━━━━━ Provided records

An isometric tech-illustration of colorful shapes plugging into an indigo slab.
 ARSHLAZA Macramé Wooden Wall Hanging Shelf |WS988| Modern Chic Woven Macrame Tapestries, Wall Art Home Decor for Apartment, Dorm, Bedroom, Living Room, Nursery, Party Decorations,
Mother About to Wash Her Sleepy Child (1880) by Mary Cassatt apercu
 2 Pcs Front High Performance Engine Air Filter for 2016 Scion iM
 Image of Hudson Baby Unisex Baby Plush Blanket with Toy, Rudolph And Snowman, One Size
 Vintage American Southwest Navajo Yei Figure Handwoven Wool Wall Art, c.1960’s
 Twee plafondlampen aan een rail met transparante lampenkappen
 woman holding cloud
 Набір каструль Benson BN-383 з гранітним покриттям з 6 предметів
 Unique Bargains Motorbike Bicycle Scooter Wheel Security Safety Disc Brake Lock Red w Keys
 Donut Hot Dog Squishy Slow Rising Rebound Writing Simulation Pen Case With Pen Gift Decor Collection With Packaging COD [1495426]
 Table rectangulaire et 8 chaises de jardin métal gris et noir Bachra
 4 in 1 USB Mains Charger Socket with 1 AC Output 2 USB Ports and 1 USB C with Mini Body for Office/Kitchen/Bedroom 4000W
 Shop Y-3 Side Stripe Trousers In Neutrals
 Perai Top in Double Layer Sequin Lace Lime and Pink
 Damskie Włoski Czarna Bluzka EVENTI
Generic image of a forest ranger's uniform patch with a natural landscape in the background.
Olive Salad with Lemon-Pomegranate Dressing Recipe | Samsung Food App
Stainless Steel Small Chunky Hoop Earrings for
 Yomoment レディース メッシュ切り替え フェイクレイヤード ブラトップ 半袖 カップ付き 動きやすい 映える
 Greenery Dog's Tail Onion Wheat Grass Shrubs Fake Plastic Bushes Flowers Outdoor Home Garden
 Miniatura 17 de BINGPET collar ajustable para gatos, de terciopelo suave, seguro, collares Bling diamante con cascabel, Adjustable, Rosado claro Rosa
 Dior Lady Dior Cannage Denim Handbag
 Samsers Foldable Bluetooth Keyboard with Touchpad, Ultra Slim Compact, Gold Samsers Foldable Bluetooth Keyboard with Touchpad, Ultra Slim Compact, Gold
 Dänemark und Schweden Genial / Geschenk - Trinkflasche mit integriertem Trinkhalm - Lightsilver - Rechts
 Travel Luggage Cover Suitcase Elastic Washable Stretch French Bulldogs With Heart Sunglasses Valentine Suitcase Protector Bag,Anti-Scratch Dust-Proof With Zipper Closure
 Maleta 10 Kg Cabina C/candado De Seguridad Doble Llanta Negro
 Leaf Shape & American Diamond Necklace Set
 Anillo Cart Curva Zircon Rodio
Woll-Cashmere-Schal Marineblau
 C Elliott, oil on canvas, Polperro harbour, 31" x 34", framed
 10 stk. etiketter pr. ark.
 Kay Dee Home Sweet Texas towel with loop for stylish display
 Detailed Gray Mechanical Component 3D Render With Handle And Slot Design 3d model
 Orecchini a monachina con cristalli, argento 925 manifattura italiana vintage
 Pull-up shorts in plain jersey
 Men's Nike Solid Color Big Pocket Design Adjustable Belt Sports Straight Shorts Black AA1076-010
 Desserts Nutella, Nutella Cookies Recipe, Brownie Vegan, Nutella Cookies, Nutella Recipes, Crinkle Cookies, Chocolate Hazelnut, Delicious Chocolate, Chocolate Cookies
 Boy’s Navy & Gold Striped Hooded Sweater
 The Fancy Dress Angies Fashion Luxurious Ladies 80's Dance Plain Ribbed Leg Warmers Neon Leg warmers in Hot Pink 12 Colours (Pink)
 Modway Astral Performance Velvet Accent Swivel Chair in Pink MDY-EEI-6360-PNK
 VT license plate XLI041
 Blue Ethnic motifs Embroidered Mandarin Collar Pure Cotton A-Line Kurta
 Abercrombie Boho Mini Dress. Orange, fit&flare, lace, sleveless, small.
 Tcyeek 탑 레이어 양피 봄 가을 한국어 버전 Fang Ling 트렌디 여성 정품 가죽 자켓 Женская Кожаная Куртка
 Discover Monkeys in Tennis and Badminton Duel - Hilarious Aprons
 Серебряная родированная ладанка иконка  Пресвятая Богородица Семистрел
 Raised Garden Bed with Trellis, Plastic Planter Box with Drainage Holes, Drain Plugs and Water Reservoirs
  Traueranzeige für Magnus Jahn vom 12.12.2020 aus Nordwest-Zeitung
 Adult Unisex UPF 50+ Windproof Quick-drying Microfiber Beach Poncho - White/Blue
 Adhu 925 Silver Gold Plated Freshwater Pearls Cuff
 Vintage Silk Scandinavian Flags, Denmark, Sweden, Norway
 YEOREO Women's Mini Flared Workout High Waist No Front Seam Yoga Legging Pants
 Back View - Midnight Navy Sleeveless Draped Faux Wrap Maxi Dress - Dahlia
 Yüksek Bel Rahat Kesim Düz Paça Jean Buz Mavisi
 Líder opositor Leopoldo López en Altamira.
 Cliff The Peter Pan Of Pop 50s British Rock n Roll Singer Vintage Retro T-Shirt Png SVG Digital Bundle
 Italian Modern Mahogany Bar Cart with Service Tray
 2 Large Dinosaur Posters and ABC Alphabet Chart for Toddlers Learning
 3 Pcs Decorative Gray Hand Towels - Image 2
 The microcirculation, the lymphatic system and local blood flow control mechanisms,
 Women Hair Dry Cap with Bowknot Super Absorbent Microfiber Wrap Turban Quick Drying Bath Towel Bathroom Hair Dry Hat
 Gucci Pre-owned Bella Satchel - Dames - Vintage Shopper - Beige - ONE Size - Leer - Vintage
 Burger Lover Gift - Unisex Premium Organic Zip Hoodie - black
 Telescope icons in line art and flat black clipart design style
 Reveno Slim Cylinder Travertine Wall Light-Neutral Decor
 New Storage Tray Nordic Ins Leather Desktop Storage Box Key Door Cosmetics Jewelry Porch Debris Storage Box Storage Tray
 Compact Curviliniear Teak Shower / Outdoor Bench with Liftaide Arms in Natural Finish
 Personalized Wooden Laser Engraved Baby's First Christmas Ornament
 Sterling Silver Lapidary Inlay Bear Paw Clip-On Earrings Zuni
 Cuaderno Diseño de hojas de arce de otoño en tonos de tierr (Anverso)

━━━━━━━━━━

To do —
Among the records above, only the lines between the line holding "Boy’s Navy & Gold Striped Hooded Sweater" and the line holding "VT license plate XLI041", inclusive, are to be output, exactly as written.

Task answer —
 Boy’s Navy & Gold Striped Hooded Sweater
 The Fancy Dress Angies Fashion Luxurious Ladies 80's Dance Plain Ribbed Leg Warmers Neon Leg warmers in Hot Pink 12 Colours (Pink)
 Modway Astral Performance Velvet Accent Swivel Chair in Pink MDY-EEI-6360-PNK
 VT license plate XLI041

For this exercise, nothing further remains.